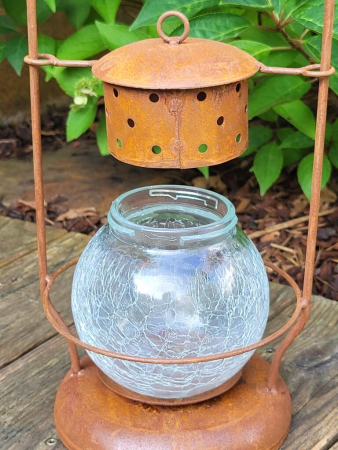 Edelrost Laterne mit Craquele-Glas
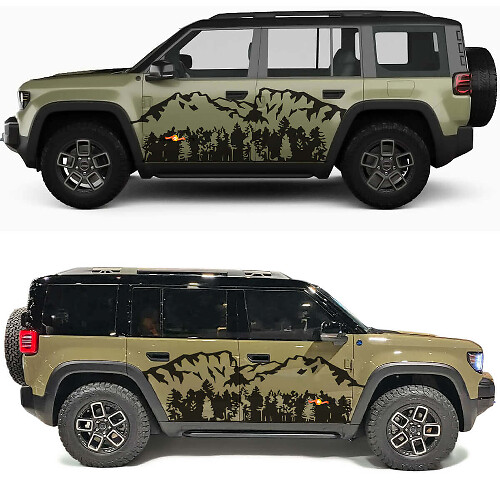 Mountains Forest Trees Side Doors Vinyl Decal for Jeep Recon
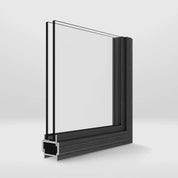 Close-up of steel window corner showing glass glazing detail and architectural steel cross section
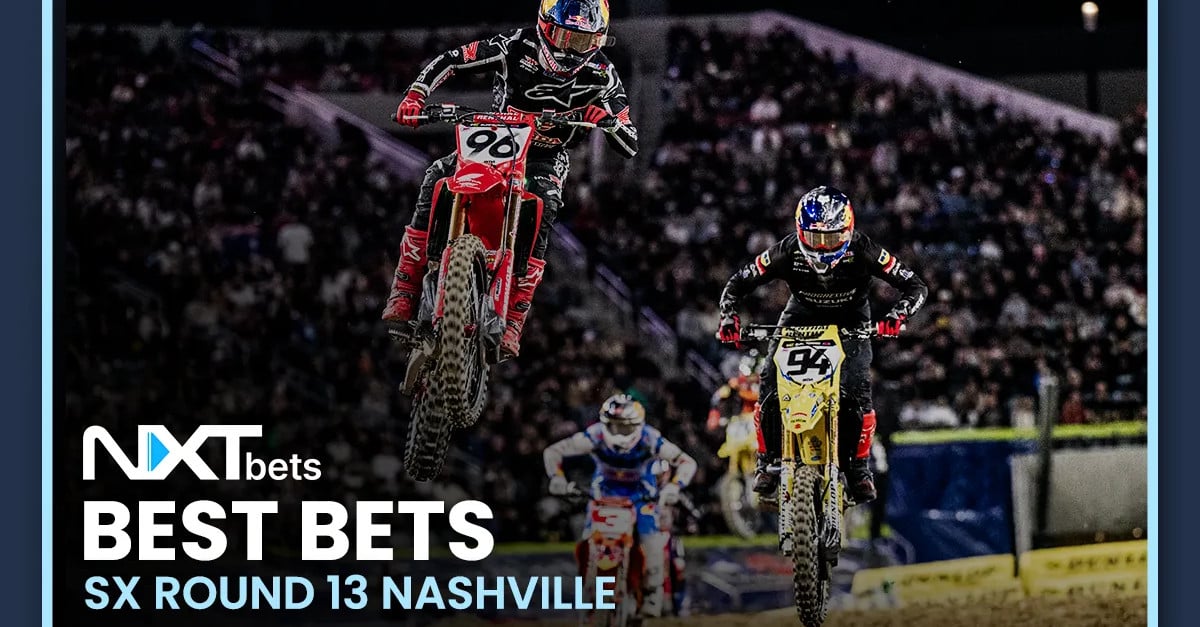 Graphic with Hunter Lawrence, Ken Roczen and Eli Tomac with caption NXTbets Best Bets - SX Round 13 Nashville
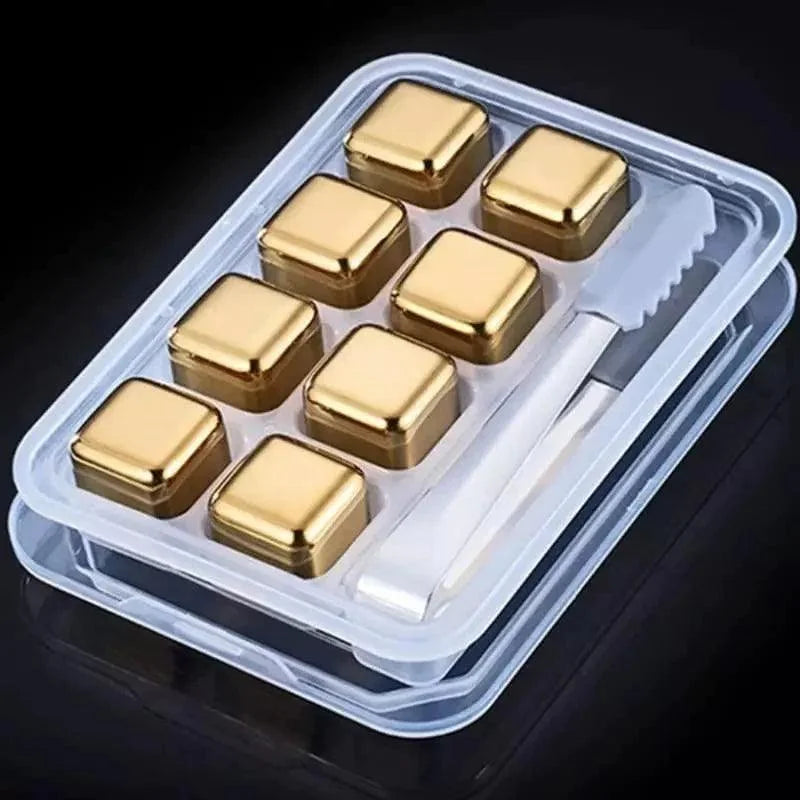 Cubos de Gelo de Aço Inox Dourado com Pegador Lenogue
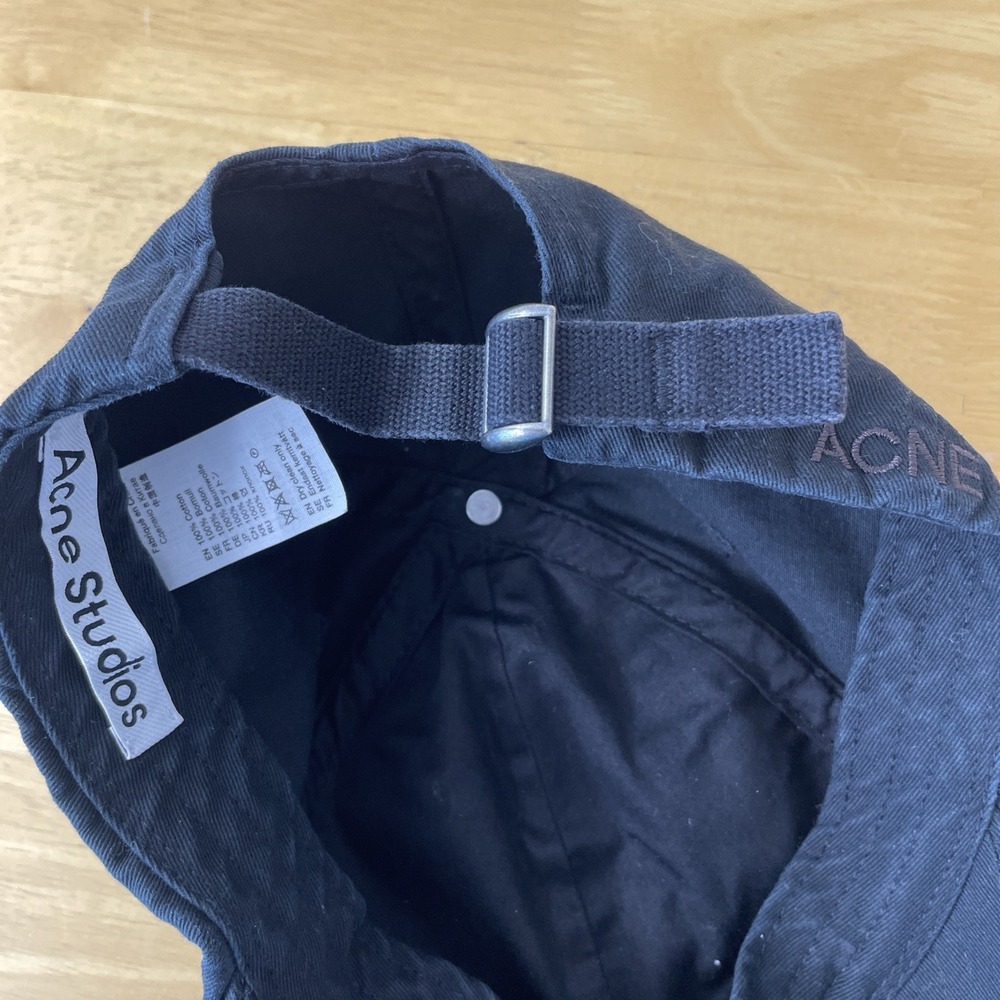 Acne Studios Hat Mens One Size Black Logo Baseball Cap Adjustable Back Outdoor - Picture 16 of 16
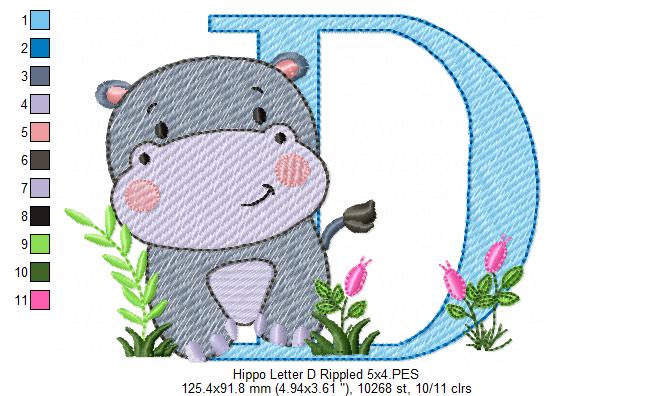 Hippo Monogram D Letter D - Rippled Stitch Embroidery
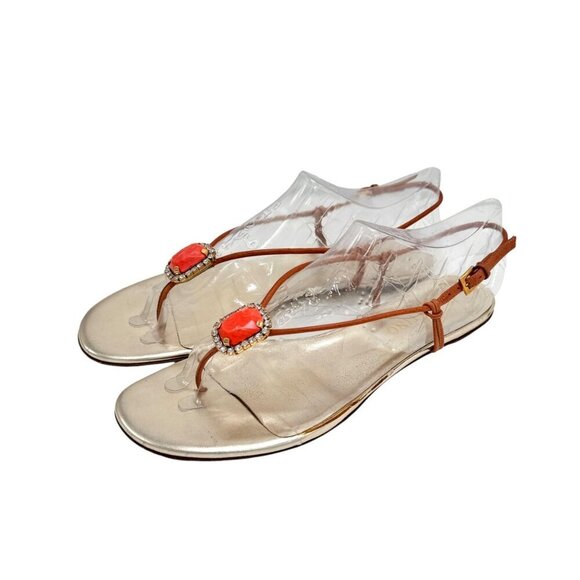VTG Valentino Gold Thong Flat Sandals Sz.10 Coral Rhinestones Boho Designer - Picture 4 of 16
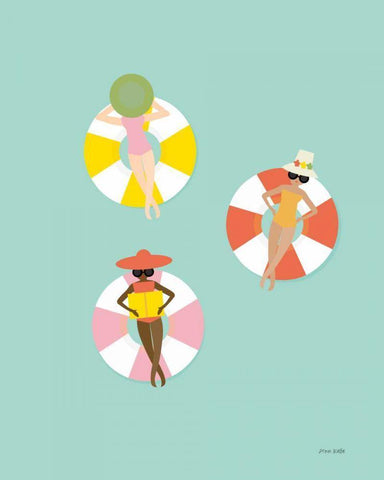 Floating in the Pool White Modern Wood Framed Art Print with Double Matting by Kelle, Ann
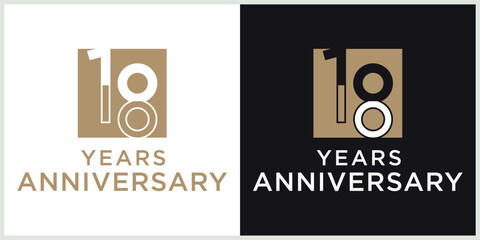 anniversary 18th logotype vector with brown and white color for special celebration day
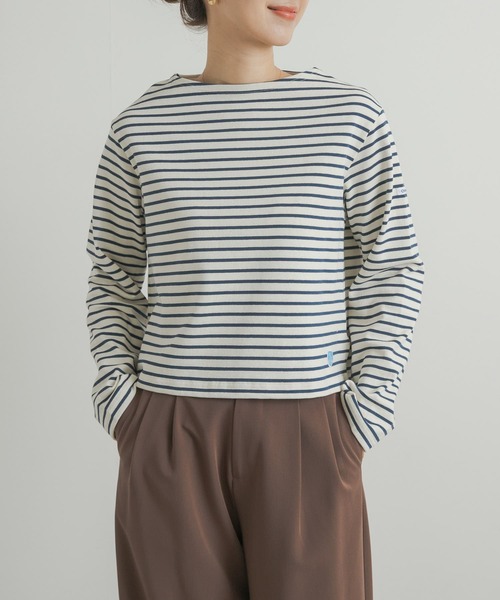 ORCIVAL（オーシバル）の「ORCIVAL　BOAT NECK LONG-SLEEVE CROPPED PULLOVER（Tシャツ/カットソー・レディース・ブルー系その他/ホワイト系その他/ブラック系その他・2）」の2枚目の写真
==*==
▶ **Goal of the exercise**: Copy out the records exactly; the pictures stay behind.

▶ **Your solution**:
 Edelrost Laterne mit Craquele-Glas
 Mountains Forest Trees Side Doors Vinyl Decal for Jeep Recon
 Close-up of steel window corner showing glass glazing detail and architectural steel cross section
 Graphic with Hunter Lawrence, Ken Roczen and Eli Tomac with caption NXTbets Best Bets - SX Round 13 Nashville
 Cubos de Gelo de Aço Inox Dourado com Pegador Lenogue
 Acne Studios Hat Mens One Size Black Logo Baseball Cap Adjustable Back Outdoor - Picture 16 of 16
 Hippo Monogram D Letter D - Rippled Stitch Embroidery
VTG Valentino Gold Thong Flat Sandals Sz.10 Coral Rhinestones Boho Designer - Picture 4 of 16
 Floating in the Pool White Modern Wood Framed Art Print with Double Matting by Kelle, Ann
 anniversary 18th logotype vector with brown and white color for special celebration day
 ORCIVAL（オーシバル）の「ORCIVAL　BOAT NECK LONG-SLEEVE CROPPED PULLOVER（Tシャツ/カットソー・レディース・ブルー系その他/ホワイト系その他/ブラック系その他・2）」の2枚目の写真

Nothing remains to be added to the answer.